When multiple functions are using the same resources, the schedulability analysis becomes increasingly challenging. This thesis focuses on a pre-runtime scheduling problem of an integrated modular avionic system proposed by our industrial partner Saab. The purpose of this problem is to find a feasible schedule or prove that none exists as part of a schedulability analysis.
For the system that we study, there are two major challenges. One is that task and communication scheduling are integrated and the other is that there is a large amount of tasks to schedule. For the largest instances, there are more than 10 000 tasks on a single module. In order to solve such problems, we have developed a matheuristic. At the core of this matheuristic is a constraint generation procedure designed to handle the challenges of the scheduling problem.
The constraint generation procedure is based on first making a relaxed scheduling decision and then evaluating this in a separate problem where a complete schedule is produced. This yields a decomposition where most technical details are considered in the relaxed problem, and the actual scheduling of tasks is handled in a subproblem. Both the relaxed problem and the subproblem are formulated and solved as mixed integer programs.
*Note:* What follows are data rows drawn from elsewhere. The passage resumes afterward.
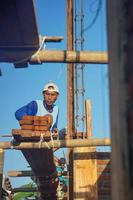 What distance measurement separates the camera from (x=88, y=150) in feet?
21.9

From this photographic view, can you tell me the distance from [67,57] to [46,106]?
8.96 ft

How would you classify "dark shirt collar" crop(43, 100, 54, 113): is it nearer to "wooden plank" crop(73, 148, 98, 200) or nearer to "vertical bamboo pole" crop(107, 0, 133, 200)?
"wooden plank" crop(73, 148, 98, 200)

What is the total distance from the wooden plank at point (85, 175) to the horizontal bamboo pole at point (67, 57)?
7.68ft

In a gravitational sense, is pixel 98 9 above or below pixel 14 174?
above

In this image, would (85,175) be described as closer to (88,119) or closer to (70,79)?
(88,119)

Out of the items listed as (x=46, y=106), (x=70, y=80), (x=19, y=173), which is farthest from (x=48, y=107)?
(x=70, y=80)

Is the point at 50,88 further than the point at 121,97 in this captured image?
Yes

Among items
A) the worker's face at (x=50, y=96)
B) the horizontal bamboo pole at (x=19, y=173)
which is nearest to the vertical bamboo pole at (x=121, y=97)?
the worker's face at (x=50, y=96)

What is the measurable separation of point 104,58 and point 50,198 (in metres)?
5.63

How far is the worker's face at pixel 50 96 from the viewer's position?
7.30 m

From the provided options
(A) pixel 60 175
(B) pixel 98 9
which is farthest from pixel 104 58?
(A) pixel 60 175

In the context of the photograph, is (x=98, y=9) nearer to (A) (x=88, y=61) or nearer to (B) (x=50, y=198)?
(A) (x=88, y=61)

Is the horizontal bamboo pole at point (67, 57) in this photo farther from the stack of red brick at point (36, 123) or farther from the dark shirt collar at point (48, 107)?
the dark shirt collar at point (48, 107)

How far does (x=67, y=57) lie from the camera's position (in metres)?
4.69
The heuristic component of the matheuristic is that the relaxed problem is solved using an adaptive large neighbourhood search method. Instead of solving the relaxed problem as a single mixed integer program, the adaptive large neighbourhood search explores neighbourhoods through solving a series of mixed integer programs. Features of this search method are that it is made over both discrete and continuous variables and it needs to balance feasibility against profitable objective value.
The matheuristic described in this thesis has been implemented in a scheduling tool. This scheduling tool has been applied to instances provided by our industrial partner and to a set of public instances that we have developed. With this tool, we have solved instances with more than 45 000 tasks.